What is a unit test?

A unit test executes a function with a specified set of input parameters and compares the actual vs. expected (reference) outputs. If these are equal, within a specified tolerance, the test passes. If not, it fails.

What is OSIPI testing?

The present focus of the taskforce is to develop unit tests to verify the scientific performance of code, i.e. does it return the "correct" answer? At present we are not concerned with testing non-scientific questions such as speed, checking for valid parameters etc.

Viewing automated testing reports

Github Actions has been utilized for automated testing of the community contributed source code. Tests are run every time the repository is modified. The status of testing is shown at the beginning of this document by the Github status image denoted by ci passing. Clicking on it will take you to Github Actions where a detailed report with past build information will be available.

What is the standard for pass vs. fail?

For most perfusion functionality, there is no clear "gold standard" that can be used to assess the scientific performance of code. For example:

  • DRO reference values depend on the specific code used to simulate the data
  • In-vivo results depend on the code used to fit the data
  • Reference values from the literature (or specification values for a phantom) depend on the acquisition and processing methods used to obtain these.
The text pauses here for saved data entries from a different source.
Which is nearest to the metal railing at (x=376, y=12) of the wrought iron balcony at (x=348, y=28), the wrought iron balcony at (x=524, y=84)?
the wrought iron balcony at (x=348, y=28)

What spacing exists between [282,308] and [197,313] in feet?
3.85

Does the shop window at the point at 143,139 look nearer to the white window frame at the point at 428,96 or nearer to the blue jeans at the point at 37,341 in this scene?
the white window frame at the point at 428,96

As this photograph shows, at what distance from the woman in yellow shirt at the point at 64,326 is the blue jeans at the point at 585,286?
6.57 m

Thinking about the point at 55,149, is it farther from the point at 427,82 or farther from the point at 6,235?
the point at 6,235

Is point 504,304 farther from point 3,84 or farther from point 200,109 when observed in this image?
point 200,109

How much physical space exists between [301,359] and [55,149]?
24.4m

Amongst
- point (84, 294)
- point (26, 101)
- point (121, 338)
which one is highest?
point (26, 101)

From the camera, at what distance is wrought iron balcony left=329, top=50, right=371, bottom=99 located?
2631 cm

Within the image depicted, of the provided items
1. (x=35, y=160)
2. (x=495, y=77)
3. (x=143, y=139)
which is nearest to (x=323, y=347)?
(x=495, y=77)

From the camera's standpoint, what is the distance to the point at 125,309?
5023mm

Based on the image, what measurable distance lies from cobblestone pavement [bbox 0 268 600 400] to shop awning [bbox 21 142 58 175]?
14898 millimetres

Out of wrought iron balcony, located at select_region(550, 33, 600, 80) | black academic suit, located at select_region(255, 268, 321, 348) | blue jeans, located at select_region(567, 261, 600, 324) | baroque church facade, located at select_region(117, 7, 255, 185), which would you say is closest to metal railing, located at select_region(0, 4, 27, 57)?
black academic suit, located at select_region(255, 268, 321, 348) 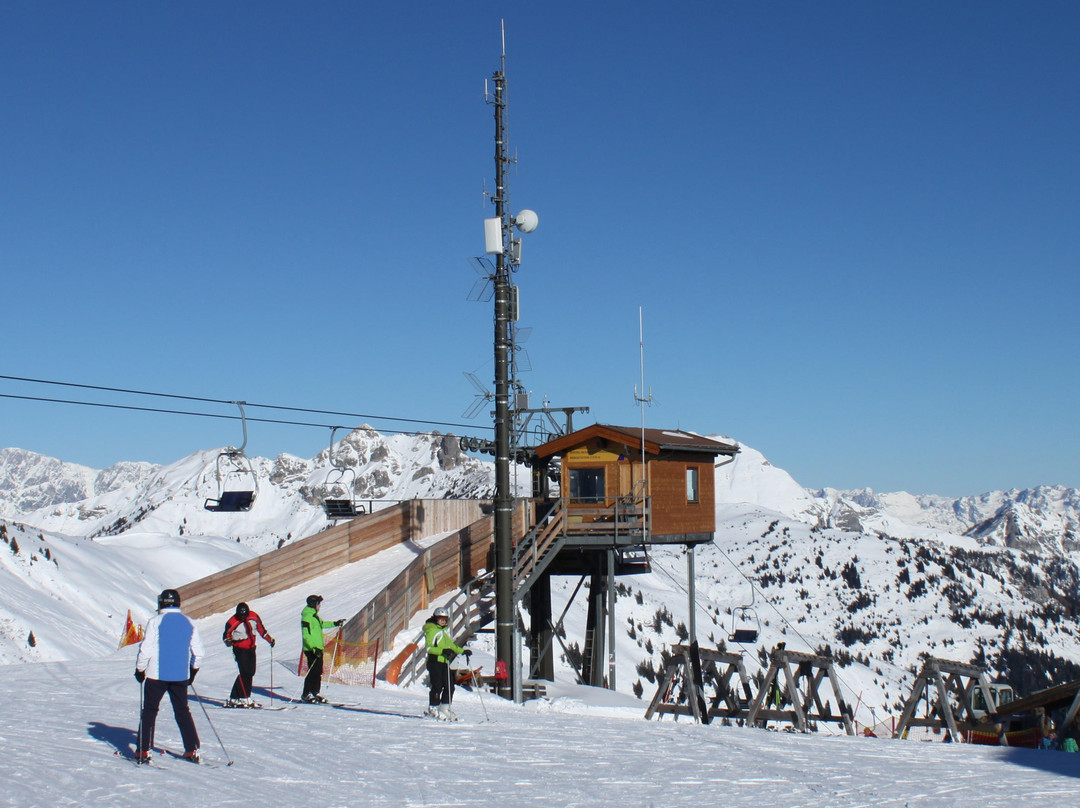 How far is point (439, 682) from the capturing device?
15227mm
Our strategy is therefore to verify "reasonable" agreement between the output of contributed code based on reference data from trusted, open sources. In general, we expect code contributions to "pass" most of the tests, unless there is a significant bug or scientific error in the code.

We also report and compare the quantitative outputs from the tests using a graphical approach.

How much testing is done?

We suggest that each type of functionality should be tested using one or more sources of test data. For example, the present tests of T1 measurement use data from (i) in-vivo prostate scans, (ii) in-vivo brain scans and (iii) a QIBA digital reference object. Within each data set, we suggest that multiple different cases should be tested, e.g. multiple voxels/ROIs in different tissues. For unit testing, it is not necessary to process entire images since this will make the tests slow.
More tests can be added to cover additional scenarios if needed.
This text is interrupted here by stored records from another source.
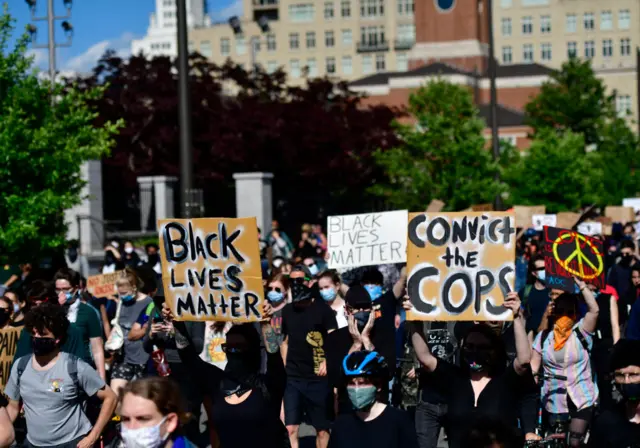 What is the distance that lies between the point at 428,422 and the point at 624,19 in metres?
111

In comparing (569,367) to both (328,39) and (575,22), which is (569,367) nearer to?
(575,22)

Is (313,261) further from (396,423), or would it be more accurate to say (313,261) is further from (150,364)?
(396,423)

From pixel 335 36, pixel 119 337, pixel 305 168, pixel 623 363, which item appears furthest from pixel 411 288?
pixel 335 36

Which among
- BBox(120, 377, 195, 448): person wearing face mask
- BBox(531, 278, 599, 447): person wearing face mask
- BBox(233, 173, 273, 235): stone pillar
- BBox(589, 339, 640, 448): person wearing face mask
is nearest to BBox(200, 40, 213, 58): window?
BBox(233, 173, 273, 235): stone pillar

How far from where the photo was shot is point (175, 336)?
7703 millimetres

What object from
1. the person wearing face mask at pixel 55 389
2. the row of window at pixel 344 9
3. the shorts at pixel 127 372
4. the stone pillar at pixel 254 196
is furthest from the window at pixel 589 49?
the person wearing face mask at pixel 55 389

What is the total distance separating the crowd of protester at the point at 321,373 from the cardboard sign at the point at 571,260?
0.13 meters

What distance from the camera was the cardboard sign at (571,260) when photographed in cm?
966

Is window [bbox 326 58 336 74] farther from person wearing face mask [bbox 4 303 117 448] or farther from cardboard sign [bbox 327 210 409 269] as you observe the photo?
person wearing face mask [bbox 4 303 117 448]

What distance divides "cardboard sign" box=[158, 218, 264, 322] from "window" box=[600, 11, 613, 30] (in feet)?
363

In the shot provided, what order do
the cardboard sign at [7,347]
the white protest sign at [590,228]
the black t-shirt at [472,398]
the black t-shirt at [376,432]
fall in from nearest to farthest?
1. the black t-shirt at [376,432]
2. the black t-shirt at [472,398]
3. the cardboard sign at [7,347]
4. the white protest sign at [590,228]

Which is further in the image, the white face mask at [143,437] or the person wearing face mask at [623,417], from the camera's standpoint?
the person wearing face mask at [623,417]

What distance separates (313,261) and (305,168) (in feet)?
78.3

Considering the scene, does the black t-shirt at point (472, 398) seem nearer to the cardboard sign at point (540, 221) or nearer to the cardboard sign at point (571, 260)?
the cardboard sign at point (571, 260) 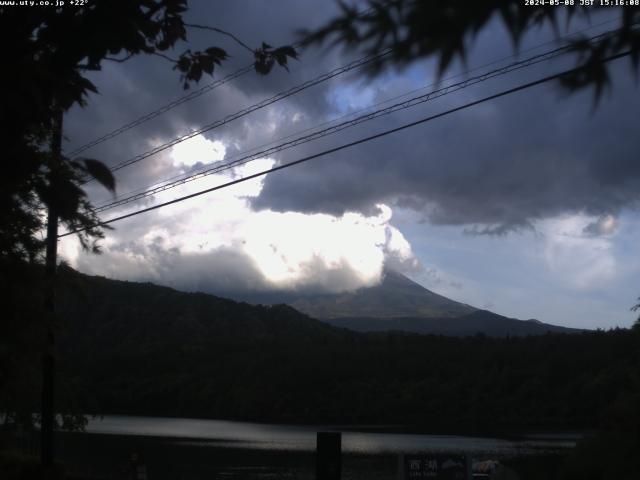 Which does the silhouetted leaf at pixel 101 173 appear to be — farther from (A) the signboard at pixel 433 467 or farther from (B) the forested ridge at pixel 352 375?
(B) the forested ridge at pixel 352 375

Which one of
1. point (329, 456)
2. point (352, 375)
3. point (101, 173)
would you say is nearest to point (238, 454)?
point (329, 456)

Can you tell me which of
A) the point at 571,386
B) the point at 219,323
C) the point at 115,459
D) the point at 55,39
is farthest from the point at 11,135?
the point at 219,323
What data is used for testing?

Test data can be simulated or taken from real scans. Data used for testing (i.e. input parameters, signals and reference values) should ideally be citeable as a publication, DOI or similar. If the data itself is not citeable then a reference describing the protocol, patient cohort and method used to obtain reference values can be cited.

What are reference values?

The exact nature of tests and reference values will depend on the functionality being tested. We suggest the following guidelines:

  • For in-vivo data, the reference value (e.g. T1) should be obtained using software independent of that being tested.
  • For synthetic data (e.g. DROs), the reference value will most likely be the value used to simulate the data.
  • Ideally, the values, software and protocols used to obtain the reference values will be citeable as a publication, DOI or similar.

Tolerance

For various reasons (noise, different analysis methods etc.) we do not expect measured and reference values to be identical. Therefore, a tolerance should be specified for each group of tests. The test writer (and the Taskforce) will judge what is a "reasonable" tolerance depending on the functionality being tested and the data used, e.g. a function claiming to reproduce the Parker population-average AIF model should be highly accurate, whereas a larger tolerance will be required for measuring KTrans in a noisy dataset.
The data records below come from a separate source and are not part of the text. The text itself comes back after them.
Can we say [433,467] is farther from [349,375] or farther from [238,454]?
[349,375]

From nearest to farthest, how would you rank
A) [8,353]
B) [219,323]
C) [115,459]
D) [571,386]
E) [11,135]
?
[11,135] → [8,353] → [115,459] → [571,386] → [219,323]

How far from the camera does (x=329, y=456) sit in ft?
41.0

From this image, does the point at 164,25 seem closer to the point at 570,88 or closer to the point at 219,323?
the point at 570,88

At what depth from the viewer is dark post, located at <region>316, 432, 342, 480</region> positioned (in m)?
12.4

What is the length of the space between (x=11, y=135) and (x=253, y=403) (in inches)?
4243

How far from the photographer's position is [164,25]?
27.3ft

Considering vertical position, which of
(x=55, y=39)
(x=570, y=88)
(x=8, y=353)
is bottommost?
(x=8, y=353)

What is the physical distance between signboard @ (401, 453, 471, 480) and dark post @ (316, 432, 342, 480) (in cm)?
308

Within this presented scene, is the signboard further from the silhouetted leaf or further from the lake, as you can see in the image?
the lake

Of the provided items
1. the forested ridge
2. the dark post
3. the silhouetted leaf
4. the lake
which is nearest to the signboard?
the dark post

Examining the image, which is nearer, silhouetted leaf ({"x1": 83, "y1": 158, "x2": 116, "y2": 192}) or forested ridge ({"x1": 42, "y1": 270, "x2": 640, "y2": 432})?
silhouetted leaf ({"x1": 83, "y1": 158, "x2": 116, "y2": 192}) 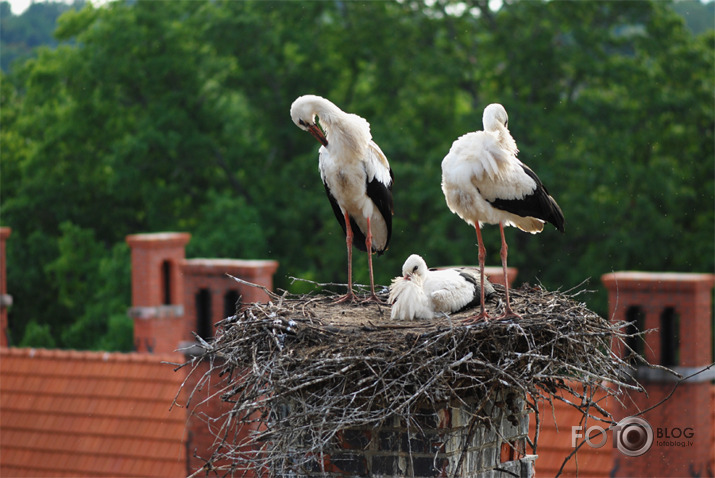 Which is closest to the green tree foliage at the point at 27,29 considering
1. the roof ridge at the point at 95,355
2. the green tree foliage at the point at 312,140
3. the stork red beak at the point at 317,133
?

It may be necessary to specify an absolute as well as a relative tolerance, e.g. where some reference values are close to zero.

Expected fails

Specific test cases may fail without there being an issue with the source code. These cases will be documented within the test function and marked as expected failures.

How are tests implemented in the repository?

Unit tests are implemented using the Pytest package. The pytest parametrize decorator makes testing multiple cases straightforward. The procedure for developing and implementing tests is described here.